My understanding is that there's a historical reason for this convention. Many telescope observations are calibrated by comparing the sky measurements against measurements of thermal loads with known temperatures. Since the calibration sources are specified with a temperature, it's straightforward to measure the source brightness in units of a pseudo-temperature. But I agree that it's not intuitive for those familiar with it.
Another layer on this is fact that doppler broadening of emission lines from molecules means they cover a finite width. Since typical velocities in astronomy range from fractions of a km/s to hundreds of kilometers per second, line widths are typically given in km/s. Since these line widths originate due to doppler motions, a width in km/s is equivalent to a width in Hz (for a given reference frequency for the spectral line).

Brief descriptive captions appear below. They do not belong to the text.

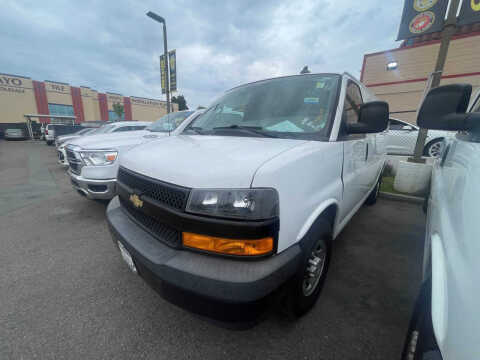2020 Chevrolet Express 2500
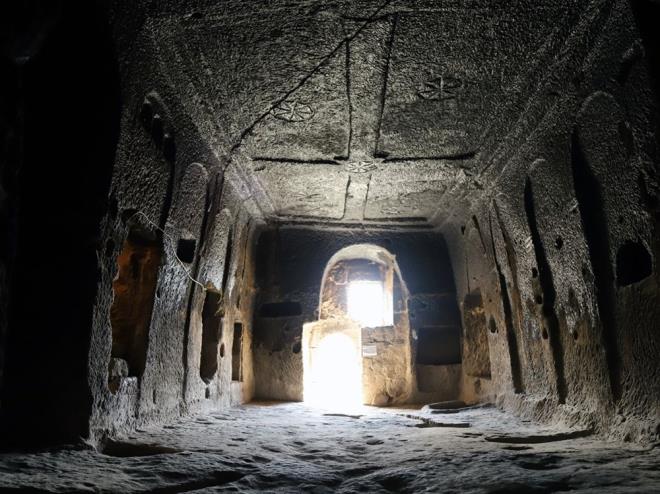 Erciyas, yer alt ehrinin tamamen kayadan oyma eklinde olutuunu ifade etti.    nne yaplan dier yaplarla Gelveri evlerinin olutuuna dikkati eken Erciyas, yle konutu:    "Yer alt ehrimiz ilk haliyle gnmze kadar gelmi. erisinde gizli geitler, tandrlar gibi bir ok yaam odas var. Buralar 1950'ye kadar insanlarmzca kullanlm. Turizme aldktan sonra kullanmn ziyaretilere devretmiiz. Yer alt ehrimizi geen yl 150 bin kii ziyaret etti. Tabii ki pandemi sreci bizleri etkiledi. nmzdeki yllarda inallah bu sayy daha da artracaz. Pandemi tedbirlerini aldk, herhangi bir sknt yaamadk. Ziyaretilerimiz maske ve mesafe kurallarna dikkat ediyor. Yerli ziyaretilerimizin de HES kodlarna bakyoruz. Yerli ve yabanc tm misafirlerimizi bekliyoruz"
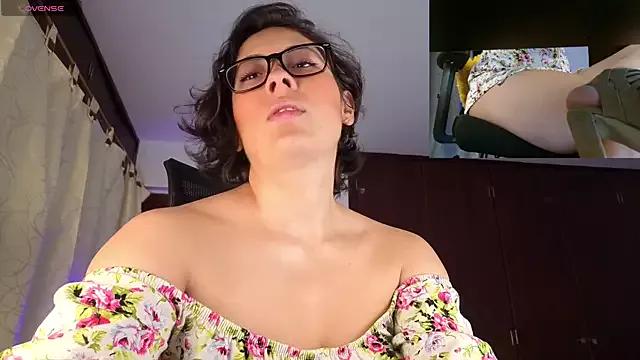 sophia_dumont from StripChat is Freechat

The combination of these two things means people often report integrated flux measurements in units of K * km / s! It seems bizarre at first, but this is equivalent to specifying it as power / unit area (again, when there's a reference frequency specified). But these units are often convenient in their own way.
Well I am not an astronomer, but the story you tell feels very similar to the how other parts of physics sometimes use weird kinds of temperatures for similar reasons.
In my field we sometimes liked to quote frequencies in Kelvins. What's and Planck-over-Boltzman between friends?
> But I agree that it's not intuitive for those familiar with it.
It's worse than that. The convention of using temperature usually arises from some such instrument-calibration where the temperature more-or-less exists, and is accurate. Then the same instrument gets used for things where temperature doesn't exist at all and sometimes doesn't even give a fair description of the energy scales. Yet people keep blithely reporting these things as temperatures.
> Also: temperatures of things that are ill defined, like the ”temperature of the surface of the sun”.
This has more to do with phrasing it as the "surface" of the Sun rather than the temperature being ill-defined. The proper term would be the temperature of the photosphere of the Sun, which is where the physical conditions finally become such that optical light can escape. The temperature at that layer sets the blackbody emission that we observe.
The photosphere is no more well defined unless you specify a particular wavelength, or you admit defeat and accept averages as perfectly fine physical properties.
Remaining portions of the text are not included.